La dame chère au mec d’Astaffort avait trente ans quand elle avait débarqué en Haute-Savoie, avec des rêves, des envies, « des projets pour les hommes comme la nature/ faire tomber les barrières, les murs, /les vieux parapets d'Arthur. » Elle voulait « confier son cœur/au pouvoir des fleurs/ jasmin, lilas. » Les fleurs étaient ses « divisions, ses soldats/pour changer tout ça ». C’est ce qu’elle disait, qu’elle fredonnait.
La dame de Haute Savoie avait retapé, elle-même, le vieux chalet devant lequel, lors de son arrivée dans la vallée, sa caisse était tombée en rade. Mort, le moteur. Elle y avait vu un signe : sa place était là. Le chalet, elle l’avait acheté. Elle avait repeint les volets. Elle était montée sur le toit à plusieurs reprises pour ramoner la cheminée, remplacer quelques ardoises. Cela lui avait pris du temps, occasionné bien des courbatures, mais, dans son chalet, dans la main verte de la vallée, elle dormait comme elle n’avait jamais dormi auparavant, enveloppée par la nuit. Elle s’était débarrassée de son réveil. Elle n’était plus l’esclave des sonneries, la dame de Haute Savoie. Elle n’obéissait à personne, n’avait pas de patron, de chef de rayon. Le vent lui tenait compagnie, soulevait ses cheveux. Le soleil se posait sur ses épaules comme un chat, et elle découvrait, émerveillée, le charme de la pluie. On lui avait répété sur toutes les chaînes de télé au moment de la météo que la pluie n’était que « mauvais temps ». Elle découvrait en Haute Savoie que la pluie, c’était d’abord un orchestre. L’orchestre des gouttes. Ah le solo des gouttes sur le toit, leur chant dans la gouttière ! Un chant qui l’enivrait, qui la poussait hors de sa chalet, et toutes les gouttes tombaient sur elles, glissaient le long de son corps.
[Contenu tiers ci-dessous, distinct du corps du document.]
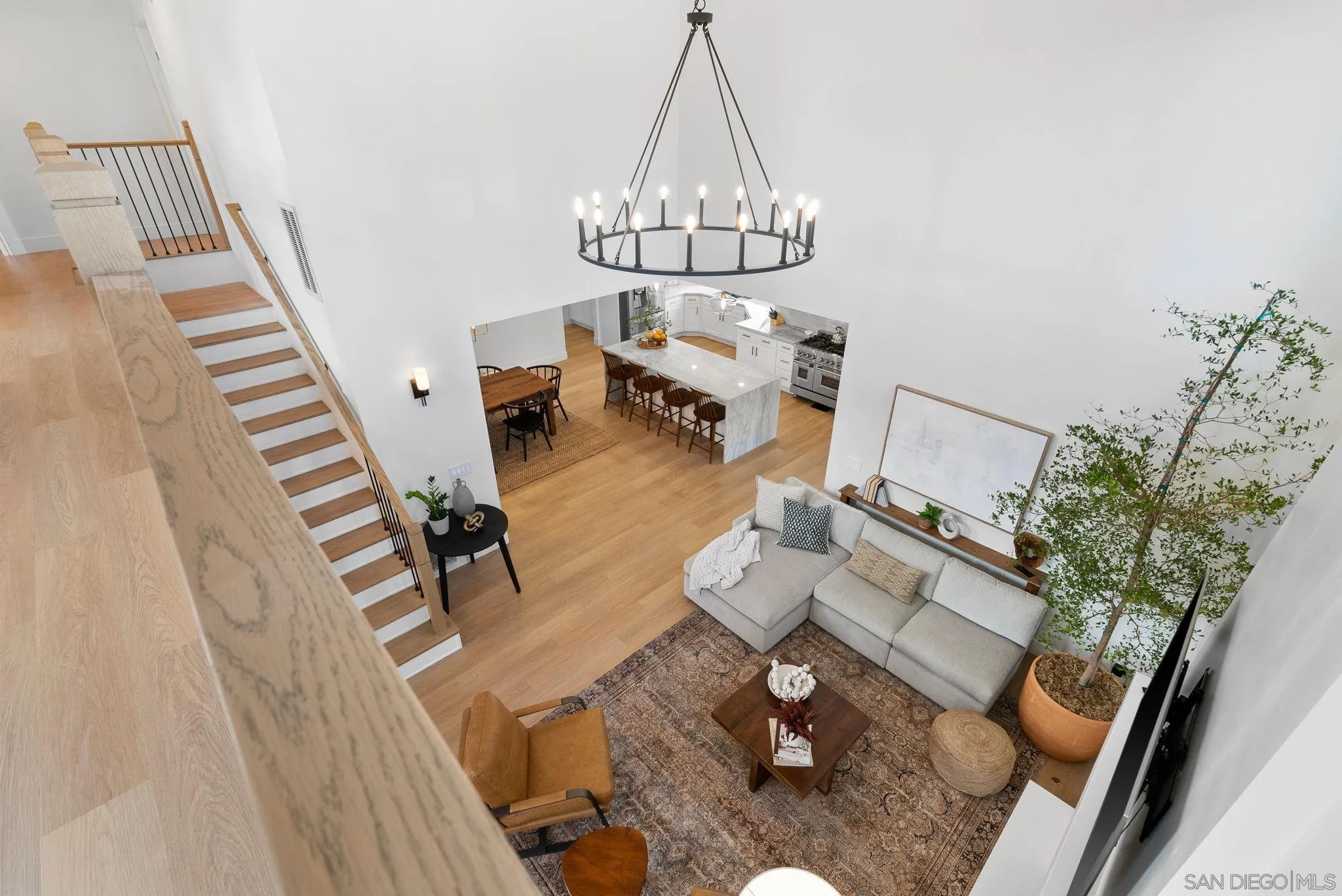 3168 Alta Verde Drive Fallbrook, CA 92028 - Photo 8 of 67 a view of living room filled with furniture and wooden floor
En ce temps-là, la dame de Haute Savoie ne pleurait pas, sauf quand elle avait du chagrin, quand un homme, après avoir passé la nuit dans son chalet, repartait à l’aube. Elle savait qu’elle ne pouvait le retenir, qu’il ne lui appartenait pas. Elle savait tout cela, ils en avaient parlé. Mais chaque fois, elle pleurait. Et elle aimait ses larmes. Les larmes, c’était sa pluie à elle, une petite averse salée qui faisaient briller ses yeux si clairs.
Aujourd’hui, la dame de Haute-Savoie pleure tous les jours et cache ses yeux irrités derrière des lunettes de soleil. Elle pleure, non à cause d’un homme qui ne viendrait plus dormir chez elle mais de la pollution, des pics de pollution. Elle pleure, et elle tousse. Et les fleurs, « jasmins, lilas » qui étaient « ses divisions, ses soldats » toussent aussi.